L2 Planner Operational Runbook

Monitoring

Dashboard

See monitoring/dashboards/l2-planner-dashboard.json for the dashboard definition.

Key panels:

Escalation Rate: Should trend downward over time
Success Rate: Target > 80%
Confidence Distribution: Healthy system has most plans > 0.7
Learned Rules Count: Should grow steadily

Alerts

Condition	Severity	Action
Escalation rate > 50% (1h window)	Warning	Check L2 planner health
Escalation rate > 80% (1h window)	Critical	Check A2A connectivity and action graph
P95 latency > 30s	Warning	Check A2A response times
Learned rule failure rate > 30%	Warning	Trigger rule audit

Common Operations

Adjusting Confidence Thresholds

Edit src/config/routing-config.yaml:

routing:
  l2_confidence_threshold: 0.5  # Lower = more autonomous, higher = more escalations

Inspecting Learned Rules

const registry = dispatcher.getRuleRegistry();
const stats = registry.getStats();
const rules = registry.getAll();

Rolling Back a Learned Rule

const migration = new RuleMigration(registry, versioning, auditor);
migration.rollback("rule-id");

Checking Escalation Trends

const tracker = dispatcher.getEscalationTracker();
const trend = tracker.getTrend(3600_000); // 1-hour buckets
const reasons = tracker.getTopReasons(10);

Troubleshooting

High Escalation Rate

Check A2A client connectivity (is Ava responding?)
Verify action graph has sufficient actions for the goal types
Check if confidence threshold is too high
Review top escalation reasons: tracker.getTopReasons(10)

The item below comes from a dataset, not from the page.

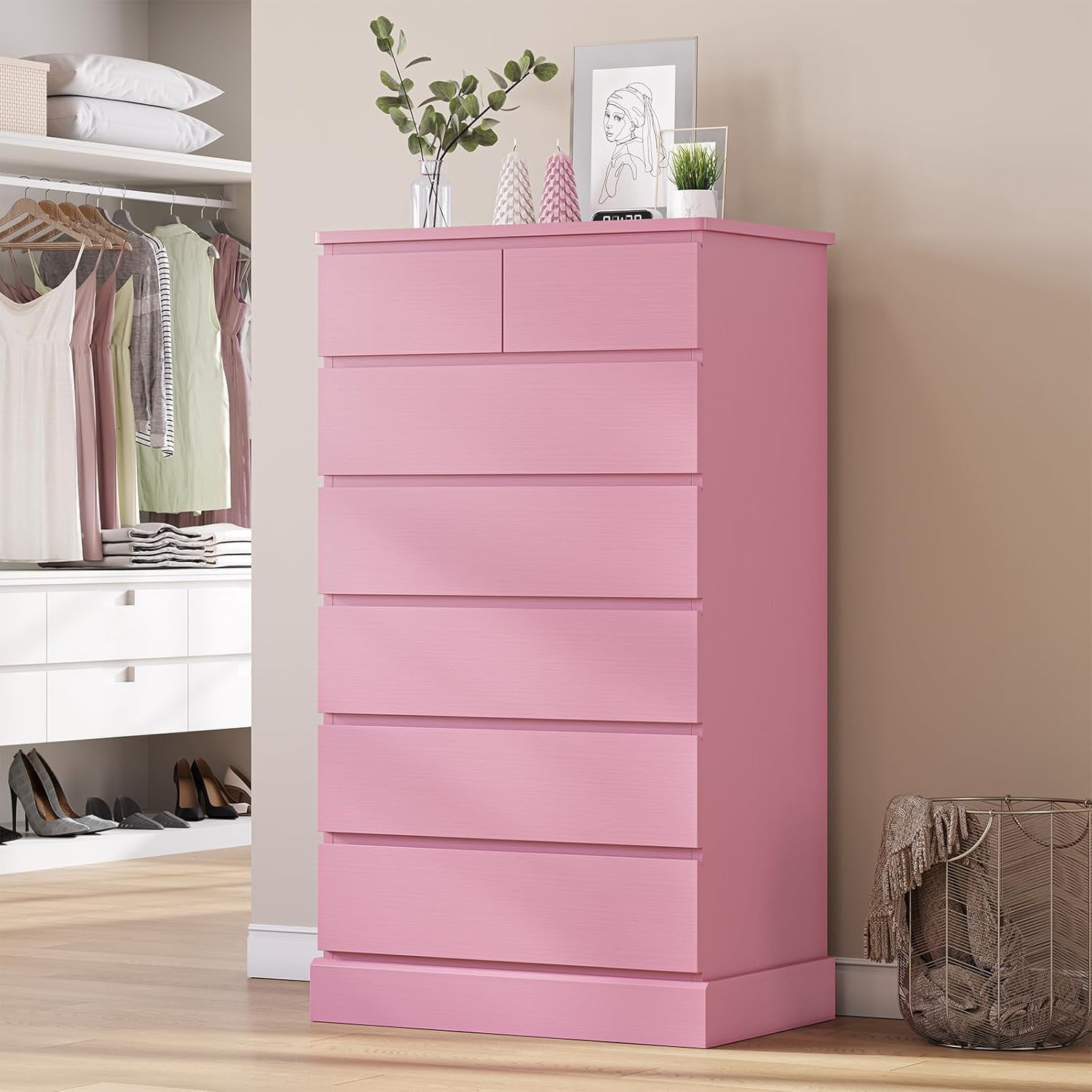 Tall Dresser with 7 Drawers Modern 7 Drawers Dresser & Chests of Drawers with Storage Space, Large Wood Storage Cabinets Closet Organizer for Living ... Tall Dresser with 7 Drawers Modern 7 Drawers Dresser & Chests of Drawers with Storage Space, Large Wood Storage Cabinets Closet Organizer for Living ...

Learned Rule Causing Failures

Identify the rule: registry.findByGoal(goalPattern)
Check failure count: rule.failureCount
Rollback if needed: migration.rollback(rule.id)
Audit trail: auditor.getForRule(rule.id)

L2 Planner Not Learning

Check minimum learning confidence: plans below 0.8 are not extracted
Check promotion threshold: rules need 3 successes before promotion
Verify registry is not at max capacity (500 default)
Check if plans are too long (max 10 actions for extraction)